IBM VEST Workshops
45 min
Last updated 10/14/2023

Federated Queries

Heads Up! Quiz material will be flagged like this!

Federated Queries

Unlike traditional database systems, Presto doesn’t have its own native database storage. Instead, Presto supports separation of compute and storage, with dozens of connectors that let Presto access data where it lives – which could be in relational databases, NoSQL databases, data warehouses, data lakes, data lakehouses, and more.

Although Presto supports a wide range of connectors, watsonx.data officially only supports a subset of them. This is because IBM wants to ensure quality, performance, and security of connectors before adding support (which may require updating connector source code to do this). More connectors will be added over time.

The most current list of connectors and the types of SQL statements supported can be found here. The list of supported connectors will grow over time.

In this section you will combine data from watsonx.data’s object storage with data in Db2 and PostgreSQL databases. To avoid you having to provision these databases yourself, they’ve been installed in the same VM as watsonx.data and are pre-populated with data.

Note: : The password of the embedded Db2 server expired in October 2023. Before proceeding with the instructions in this section, please open a terminal command window and run the following commands to fix the password issue.

ssh -p <port#> watsonx@<hostname>
bash

When prompted for the password, enter watsonx.data (you will not see the password as you type it).

sudo su -
bash
docker exec db2server chage -I -1 -m 0 -M 99999 -E -1 db2inst1
bash

With the password issue fixed, please continue with the steps below.

  1. Select the Infrastructure manager icon from the left-side menu.

  2. Click the Add component dropdown menu at the right-side of the screen.
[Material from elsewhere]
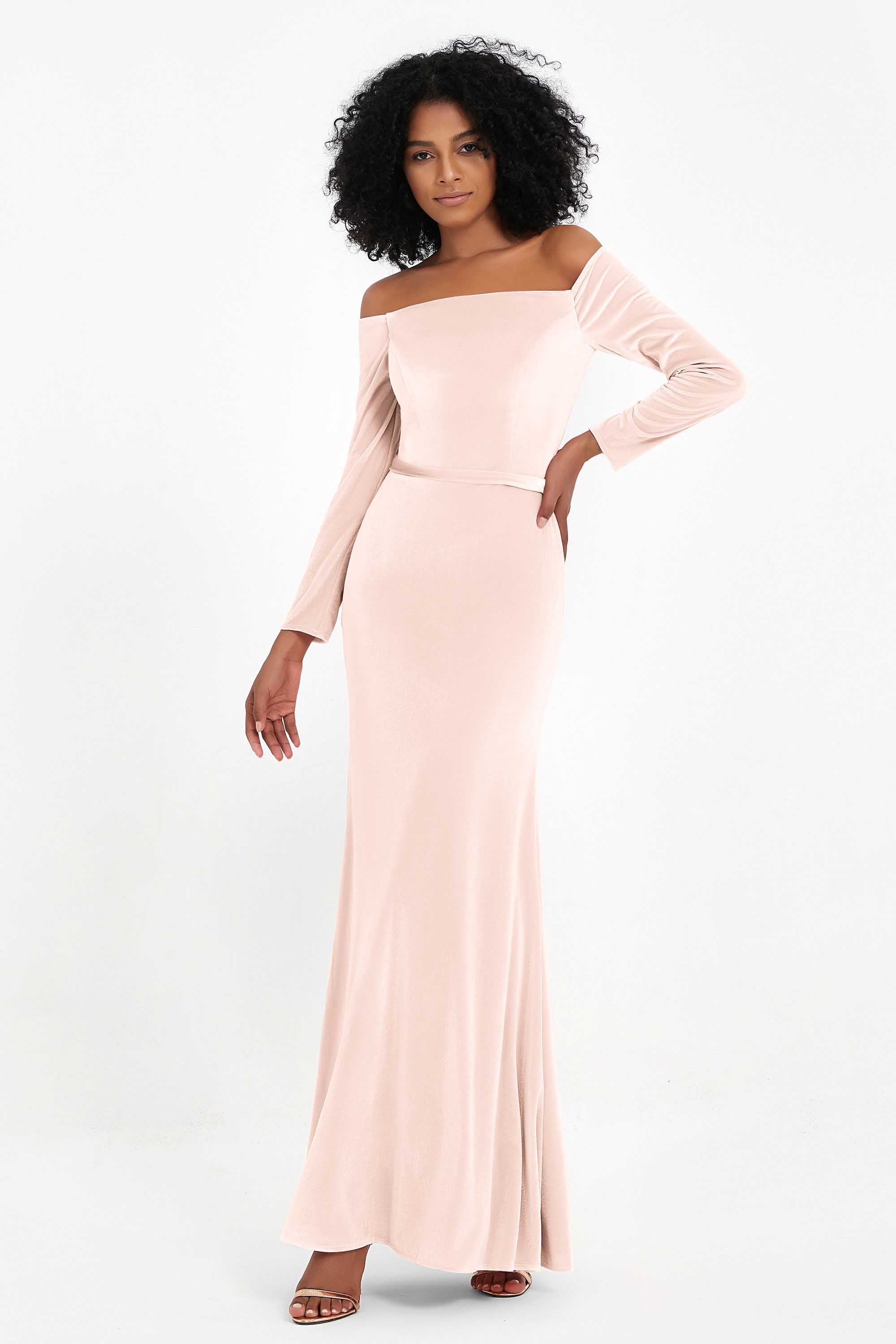 Off the Shoulder Velvet Formal Evening Dresses with Sash Long Prom Party Gowns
Select Add Database.

Quiz material: pay attention to the Add components menu

  1. In the Add database pop-up window, select/enter the following pieces of information in the 1. Database definition section:
  • Database type: IBM Db2
  • Database name: GOSALES
  • Display name: Db2DW
  • Hostname: 192.168.252.2
  • Port: 50000
  • Username: db2inst1
  • Password: db2inst1
  • SSL connection: Uncheck

When a new bucket or database is added to watsonx.data, a new catalog is created as well.

  1. Scroll down to section 2. Associated catalog definition. Enter db2catalog for the Catalog name. Then, click Add.
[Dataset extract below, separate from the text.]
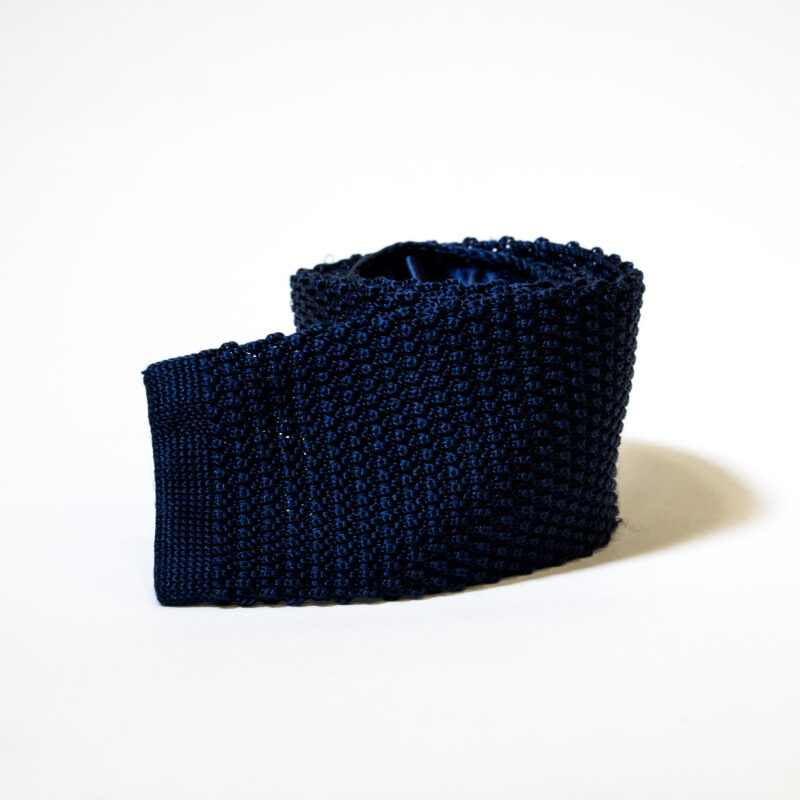 Cravatta in maglia 100% Seta – Blu Notte
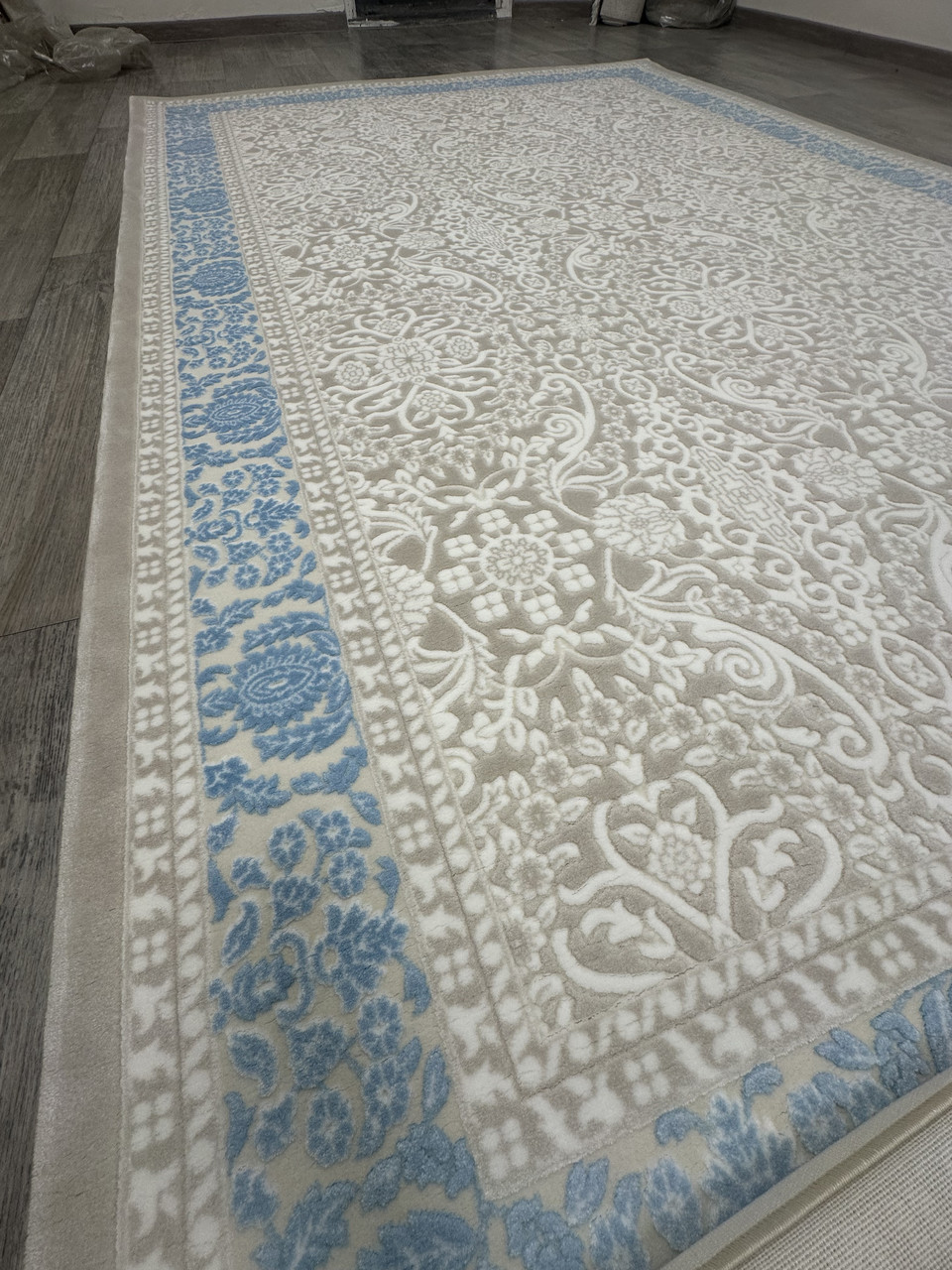 АКРИЛОВИЙ КИЛИМ LIMA 1185 КРЕМОВИЙ З БЛАКИТНИМ, фото 1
The Db2DW database and db2catalog catalog have been added to watsonx.data and are now reflected in the topology view of the infrastructure components.
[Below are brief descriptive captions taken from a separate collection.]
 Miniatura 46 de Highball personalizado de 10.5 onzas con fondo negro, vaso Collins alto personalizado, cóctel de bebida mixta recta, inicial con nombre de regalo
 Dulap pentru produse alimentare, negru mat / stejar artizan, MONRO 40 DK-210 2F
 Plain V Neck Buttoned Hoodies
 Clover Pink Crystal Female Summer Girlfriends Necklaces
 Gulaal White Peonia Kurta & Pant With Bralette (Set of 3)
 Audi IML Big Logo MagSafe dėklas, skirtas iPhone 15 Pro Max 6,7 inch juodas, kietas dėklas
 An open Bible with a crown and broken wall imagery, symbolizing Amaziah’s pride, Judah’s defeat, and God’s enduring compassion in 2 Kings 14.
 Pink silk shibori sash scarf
The db2catalog catalog is automatically associated with the Db2DW database, but to be able to query data from this database, the db2catalog catalog must also be associated with the presto-01 engine.

  1. Hover your mouse pointer over the db2catalog catalog tile and the Manage associations icon will appear. Click the Manage associations icon.
  1. In the Manage associations pop-up window, select the checkbox for the presto-01 engine and then click Save and restart engine.

A line now connects presto-01 with db2catalog, indicating that they’re associated.

Next you will add the PostgreSQL database. The password for the PostgreSQL admin account is specific to your environment and the following steps will extract it for you.

  1. Open a terminal command window to the watsonx.data server as the root user.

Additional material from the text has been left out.